Longtime overclockers might also find the BIOS lacking some advanced memory tuning options compared to ASUS or MSI boards, though 99% of users won’t hit those limitations. For benchmark-focused testing scenarios, there are better options, but for real-world gaming, these drawbacks are minor.

Conclusion

The Gigabyte X670 Gaming X AX V2 doesn’t chase hype or headline features, it focuses on delivering reliable performance where it counts. Solid VRM thermals, four M.2 slots, stable DDR5 support up to 6400MHz, and Wi-Fi 6E at a $240-$260 price point make it a standout option for mid-range gaming builds in 2026.

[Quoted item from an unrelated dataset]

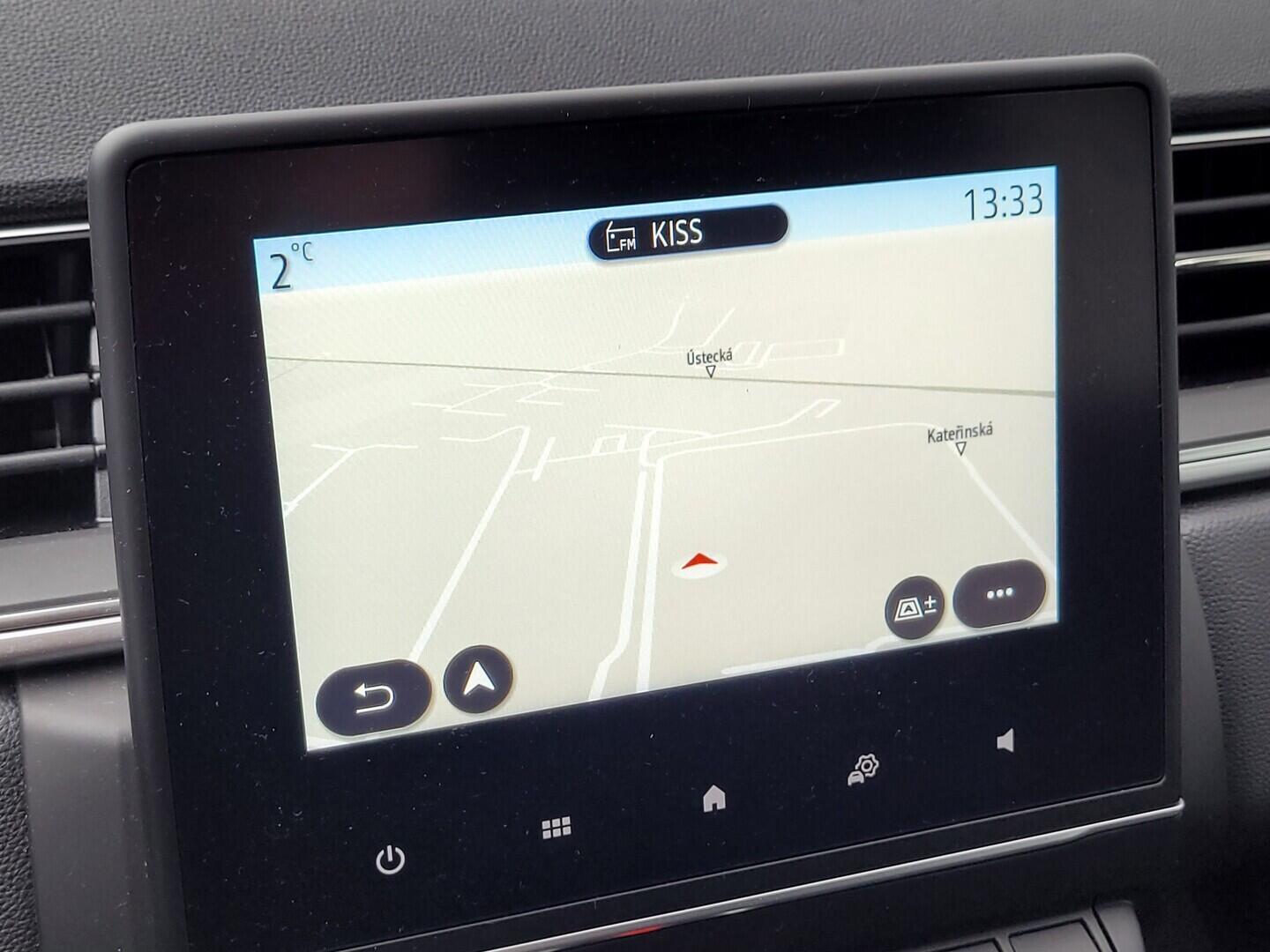 OZ190V01538_25.webp_CAPTUR Equilibre 1.0 TCe 67 kW manuál, DPH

It’s not flashy. The RGB is minimal, the audio codec is basic, and the software won’t win any design awards. But if you’re building around a Ryzen 7000 or 9000 series chip and want a board that won’t bottleneck your GPU, throttle under load, or force compromises on storage and connectivity, this delivers.

The V2 revisions matter, improved thermals, better memory stability, and a mature BIOS make this a more polished product than the original. For gamers prioritizing performance and expansion over aesthetics and brand prestige, the X670 Gaming X AX V2 earns its place as a top mid-range AM5 option.